In 1999, Unicode’s own Ideographic Description Characters were introduced in Unicode 3.0. The sequence of that characters is called "Ideographic Description Sequence", i.e. IDS. It is naturally integrated into the daily-used general systems based on Unicode, has huge user base and is easy to use. For example, the word "时间" can be expressed as "⿰日寸" and "⿵门日" respectively. Even a character as complex as "𰻝" as seen in word "𰻝𰻝面", can also be expressed as "⿺辶⿳穴⿲月⿱⿲幺言幺⿲长马长刂心". At first glance, the functionalities are complete.

Click here to view 𰻝
30edd

But the problem is that when it comes to "丝", IDS cannot decompose it. Because Unicode does not include the character which looks like "幺" minus the last dot. Another example is "乔", with "夭" above and "?" below, which is also an uncollected character. Another example is the decomposition of the following characters: "与","乌","亇","争","亥","以"…​

Because too many "components" or "roots" actually do not have characters corresponded with, and this system requires that their definition domains and value domains are all Unicode collected characters. Therefore, this system design was incomplete from the beginning: common or even daily-used characters may be out of the scope of describable.
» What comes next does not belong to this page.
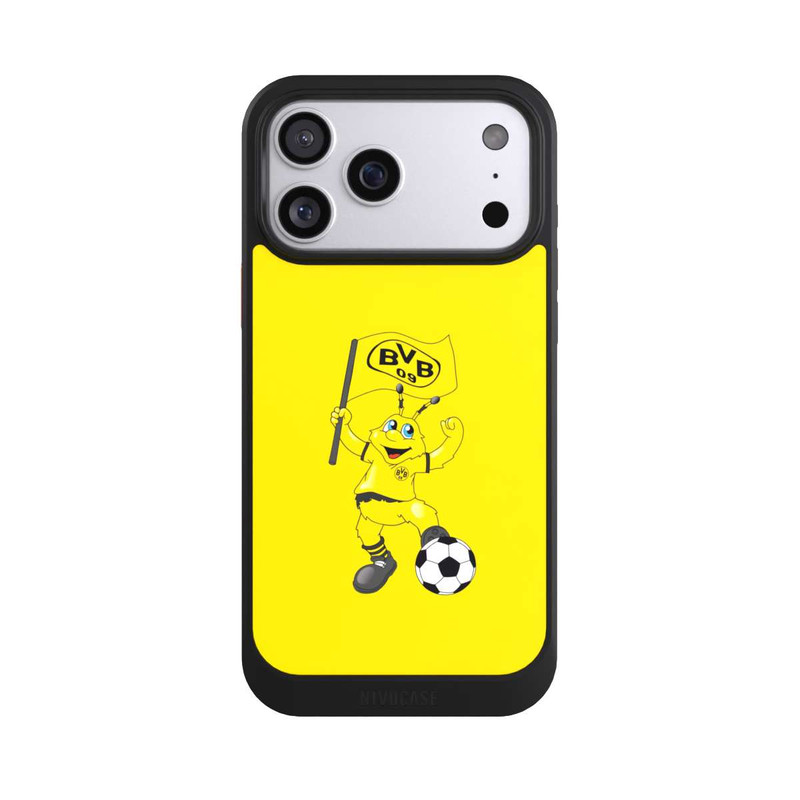 iPhone 17 Pro Max NIVOcore Emma avec Drapeau - BVB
Other private systems, which are aware of this problem, relaxed the restrictions on the definition domain and introduced private components. However, the composition of Chinese characters or components is diverse, and IDS and similar systems can only describe some ideal composition. A slightly less ideal one, such as "⿻", which means that two components overlap, is ambiguous. How exactly do they overlap, what is the direction of overlap, and what is the degree of overlap? No description at all. Thus, the glyph cannot be restored from the IDS. The result is yet another set of broken and incomplete systems.

However, the review comments also prompted me to think again, whether the efforts and legacies of the past are still valuable, or can they still be useful after being transformed and refined?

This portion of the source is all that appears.